The City Commission approved a conditional rezoning (first reading) and a modified Brownfield reimbursement agreement for a three-parcel redevelopment at 14 Mile and Coolidge to allow a convenience store, car wash and cemetery support uses. Commissioners required traffic upgrades funded by the developer and limited canopy lighting after extensive public comment about safety and local impacts.

Royal Oak’s City Commission on June 9 approved a conditional rezoning (first reading) for 3200 West 14 Mile Road and adopted a modified Brownfield reimbursement plan tied to the same redevelopment after an extended public hearing and debate.
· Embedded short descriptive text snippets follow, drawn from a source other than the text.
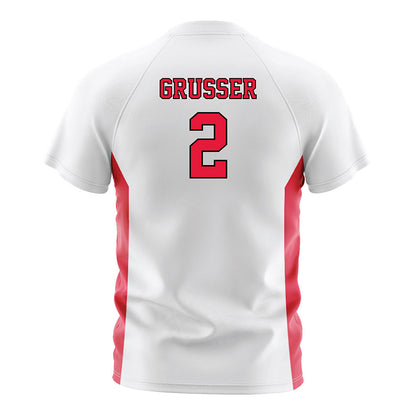 Fairfield - NCAA Women's Soccer : Mary Grusser - White Soccer Jersey-1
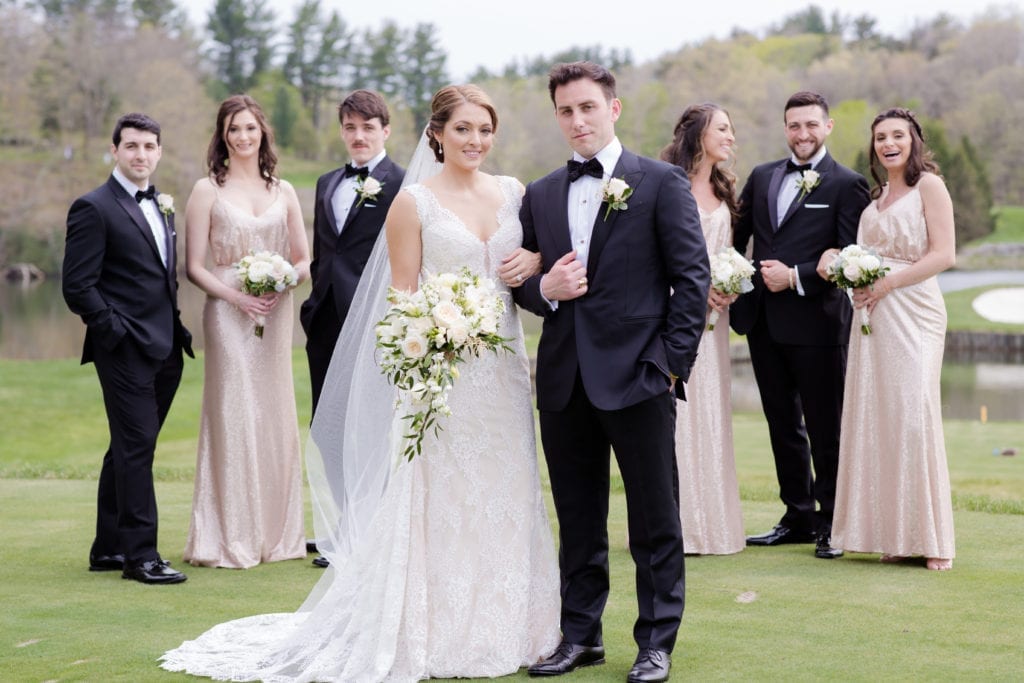 Glen Arbor Golf Club; wedding party photography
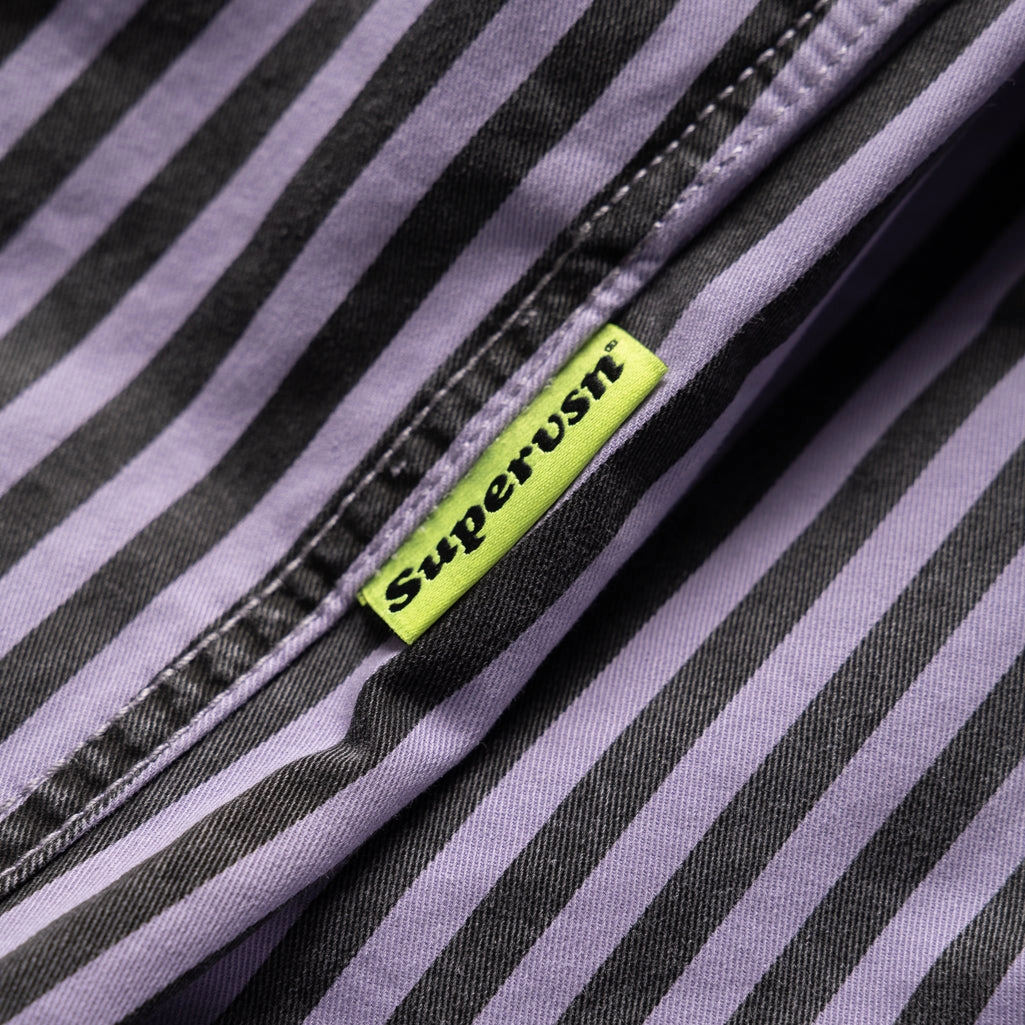 WrinkleResistantCloth Earth Glow Supervsn Chef Lounge Shorts - Dusty Purple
The petitioner is proposing to split a roughly five-acre, formerly industrial site into three parcels: parcel C would remain general industrial for a cemetery maintenance/storage purpose, while parcels A and B would be conditionally rezoned to general business for a convenience store (packaged alcohol permitted), a small dine‑in component (drive‑through), canopy-covered fuel pumps and an automated car wash. The planning staff and the planning commission recommended forwarding the application; after hearing from city engineers and two independent traffic consultants, commissioners voted to advance the rezoning. The motion carried by voice vote and was recorded as passing unanimously at first reading.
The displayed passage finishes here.